Public school in New York City

Alfred E. Smith Career and Technical Education High School is a vocational public high school in the South Melrose neighborhood of The Bronx, New York. It was originally built in the early 20th century as the "Bronx Continuation School" for students who left the school system. The school eventually became a vocational high school in the 1920s. The school was named after the former New York governor and Democratic nominee for president, Alfred E. Smith in 1965. Its address is 333 E. 151 Street. The school is near the Third Avenue and E. 149th Street station of the 2 and 5 IRT trains. The principal is Evan Schwartz.

This is the school at which Evan Hunter, then Salvatore Lombino, spent 17 days as a teacher in September 1950. The experience gave him the insights for his novel, "The Blackboard Jungle," (1954), written under the Hunter penname, which was adapted into the film, Blackboard Jungle (1955).

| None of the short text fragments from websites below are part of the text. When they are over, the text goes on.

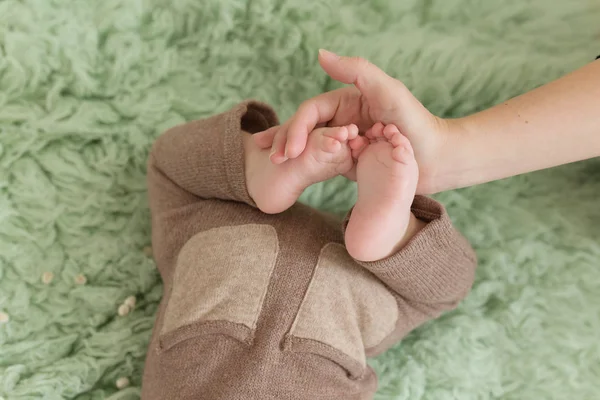 Pés de bebê na mão da mãe no tapete verde. vista traseira — Fotografia de Stock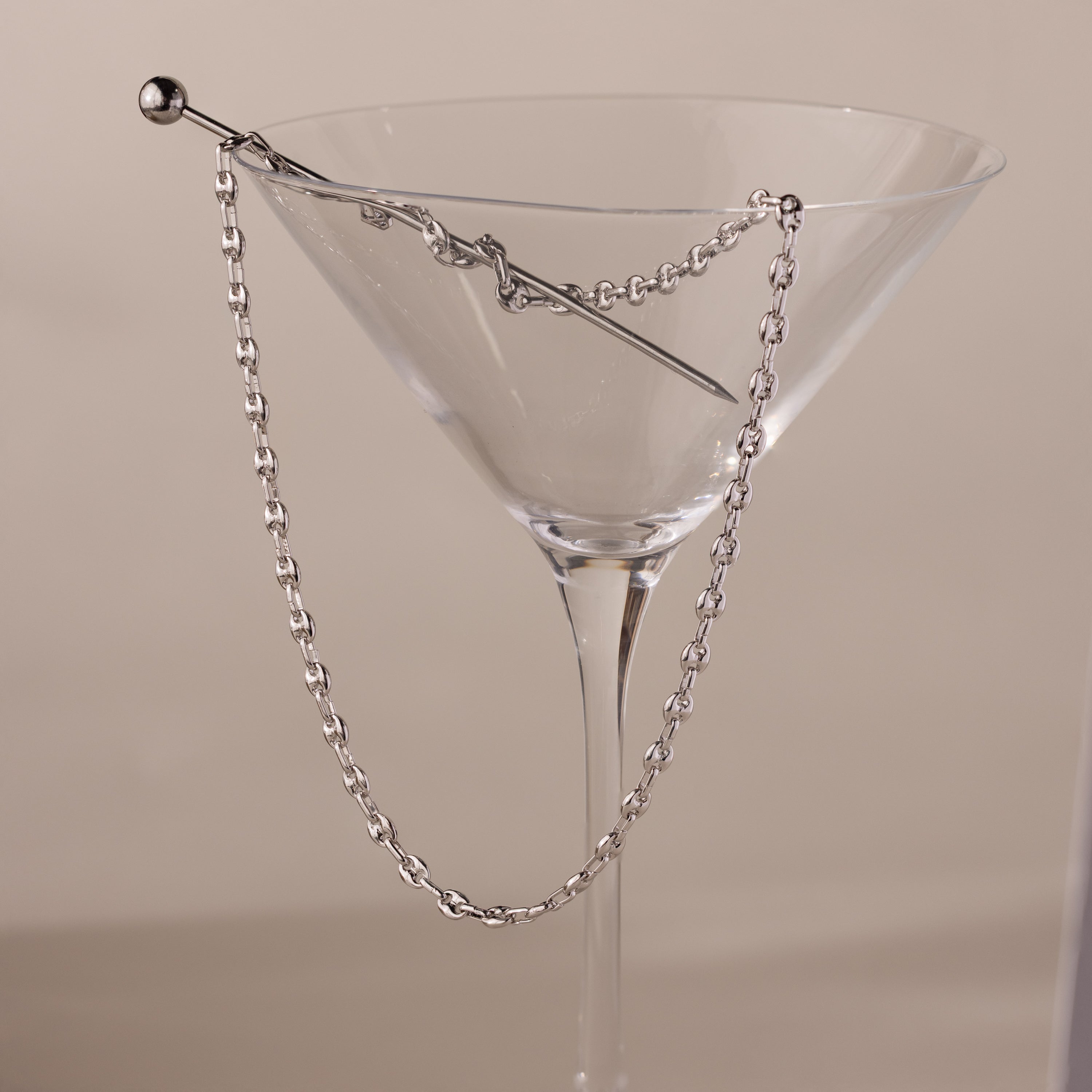 Silver mariner chain necklace with polished oval links, elegantly draped over the rim of a clear martini glass with a silver stir stick.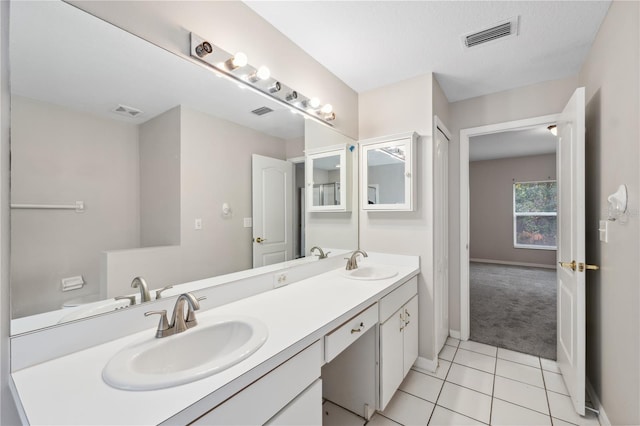 bathroom with vanity and tile patterned floors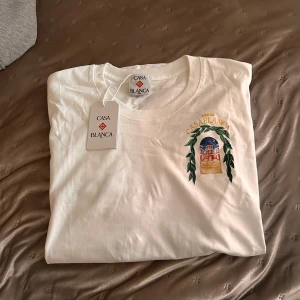 Vit t-shirt från Casablanca - Vit t-shirt från Casablanca med färgglatt tryck av byggnad och blad på både bröstet och ryggen. Klassisk rund hals och korta ärmar. Skön bomullskvalitet och snygg, avslappnad passform. Perfekt statement-plagg för dig som gillar unika prints.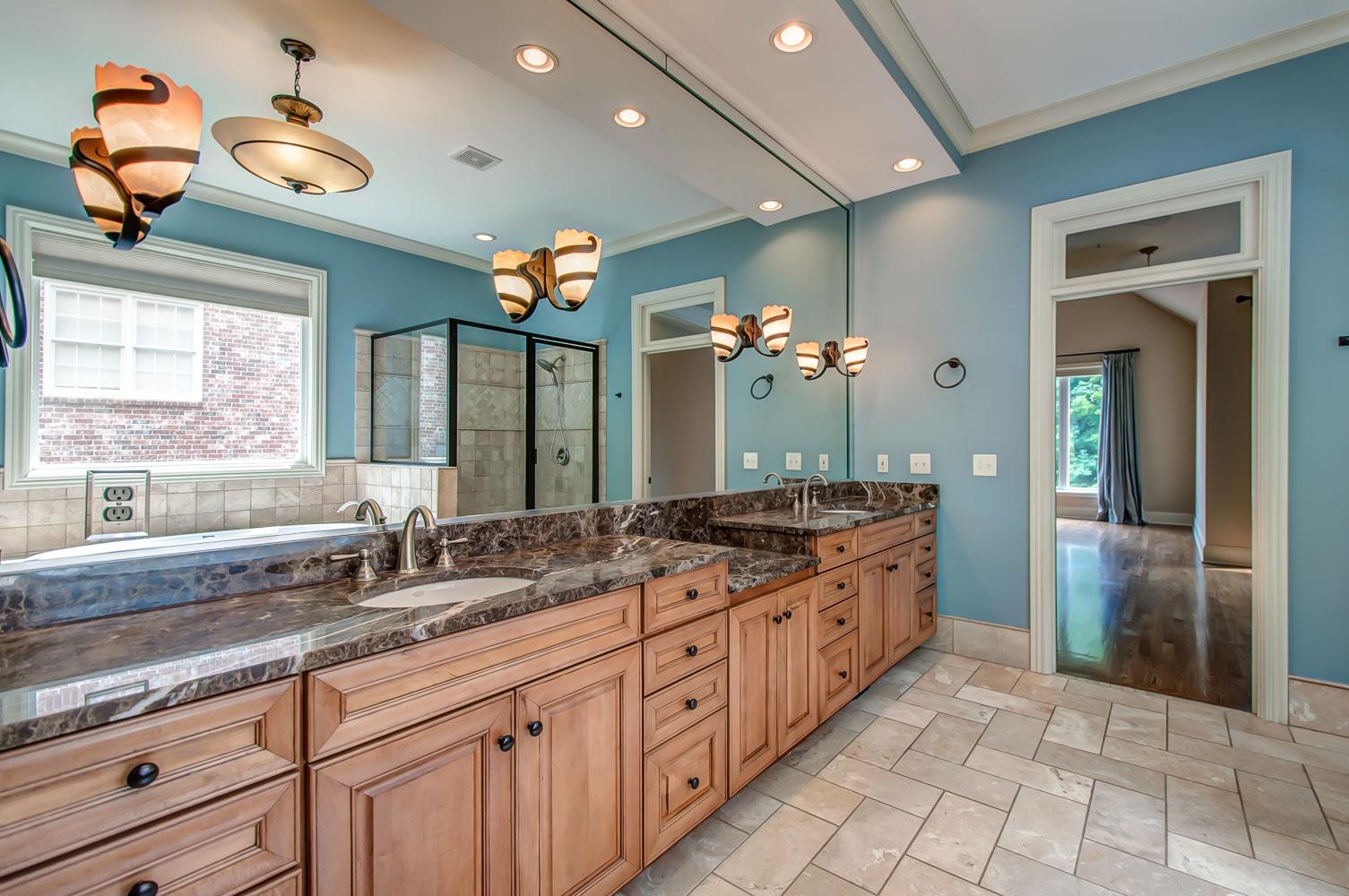 476 Sandcastle Road Franklin, TN 37069 - Photo 13 of 23 a large kitchen with granite countertop a sink and a stove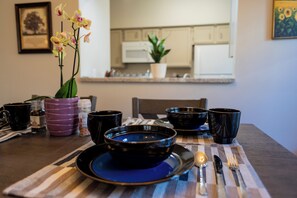 A dining table with black bowls, a blue plate, and a candle. There are also black mugs and a purple container on the table. - Cute Condo with Pool View and lots of charm! (Houston)
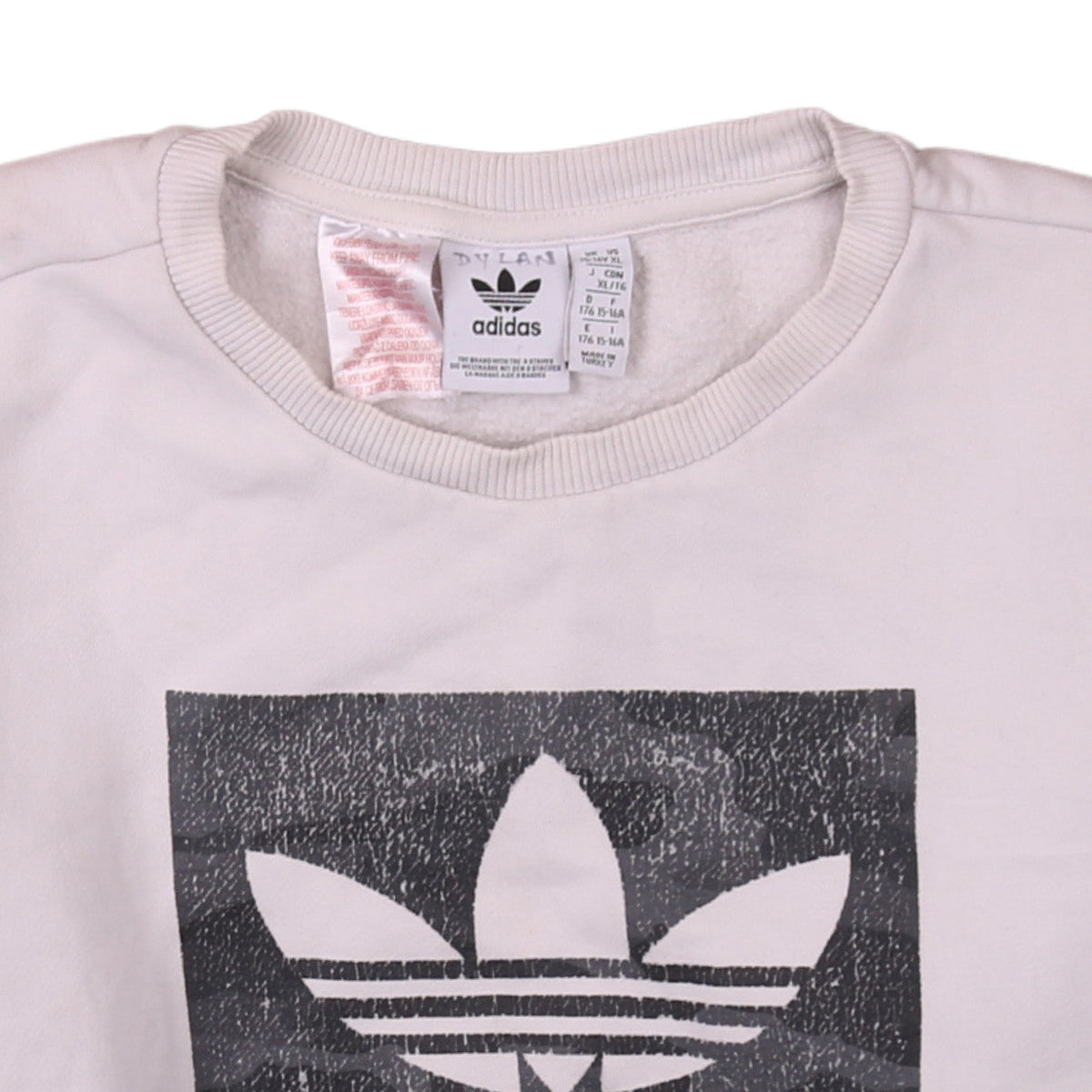 Brand and care label for Adidas boys’ white xl sweatshirt with trefoil logo and crew neck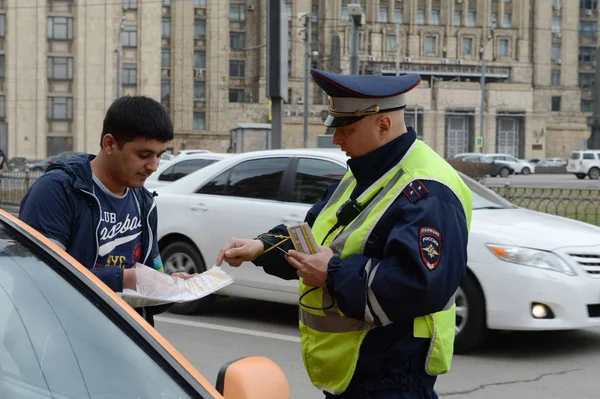 The inspector dorozhno-patrol service of the police checks the documents of a taxi driver in Central Moscow. — Stock Photo, Image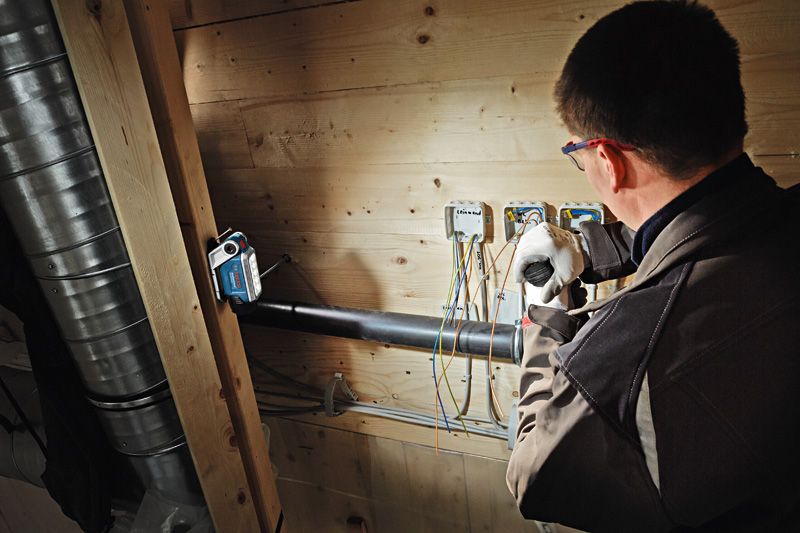 GLI 12V-330 A person wearing safety equipment works on electrical wiring under bright cordless light.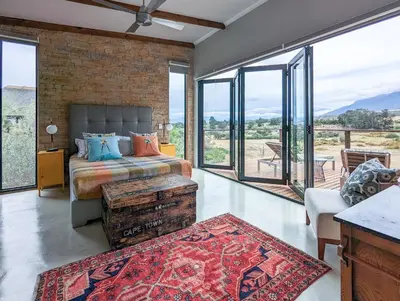 a bedroom with a bed and large windows at Tulbagh Mountain Bungalow in Wolseley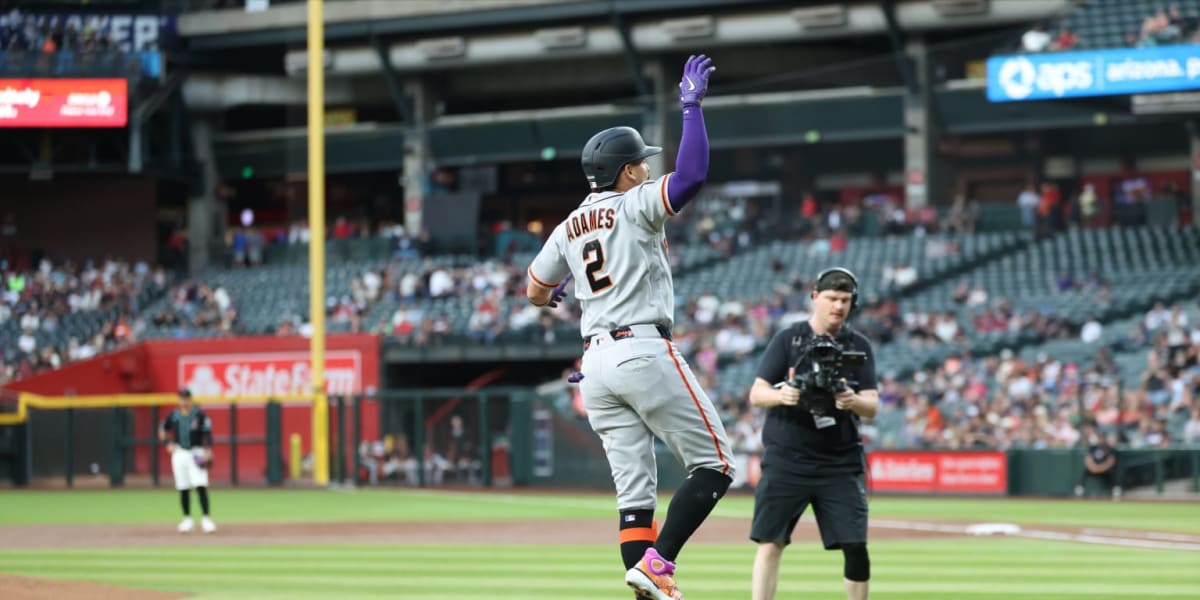 Baseball fan holds glove with home run ball after incredible two-night catching streak at Chase Field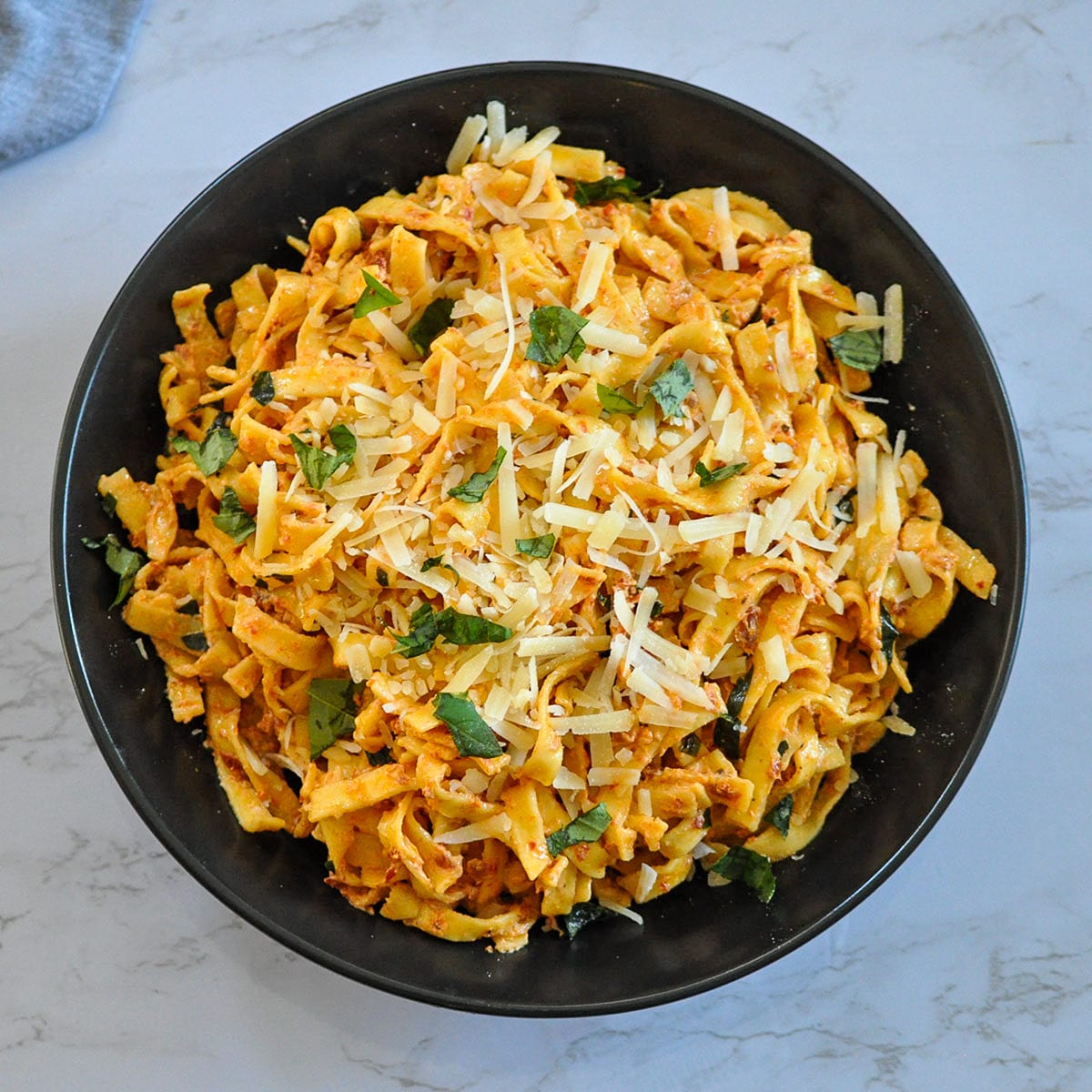 overhead picture of pasta with sun-dried tomato cream sauce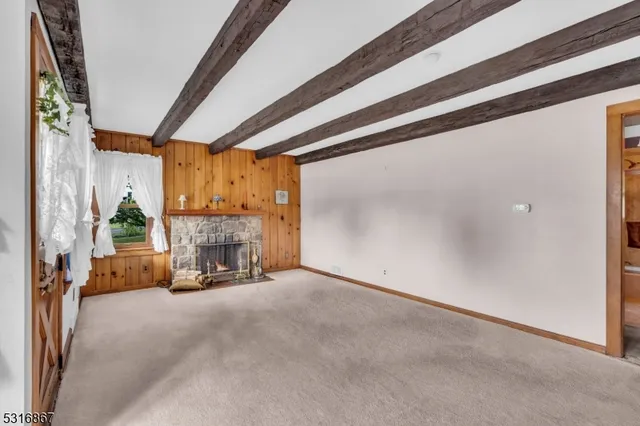 a view of a livingroom with fireplace and window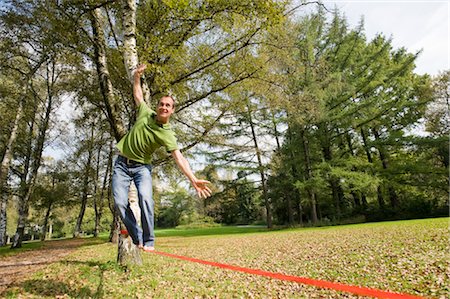 simsearch:700-03179177,k - Man Slacklining Stock Photo - Rights-Managed, Code: 700-03161685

As of the 2014–15 school year, the school had an enrollment of 377 students and 33.0 classroom teachers (on an FTE basis), for a student–teacher ratio of 11.4:1. There were 315 students (83.6% of enrollment) eligible for free lunch and 23 (6.1% of students) eligible for reduced-cost lunch."

The school offers automotive, home construction, plumbing, and heating/air-conditioning ventilation programs. There are plenty of shops where students work on real cars brought in by people in the community. The school also has a room large enough for those studying carpentry to construct a full size wooden frame house.

The New York City Department of Education planned in 2010 to close the school but the plan was cancelled after strong protests from the community.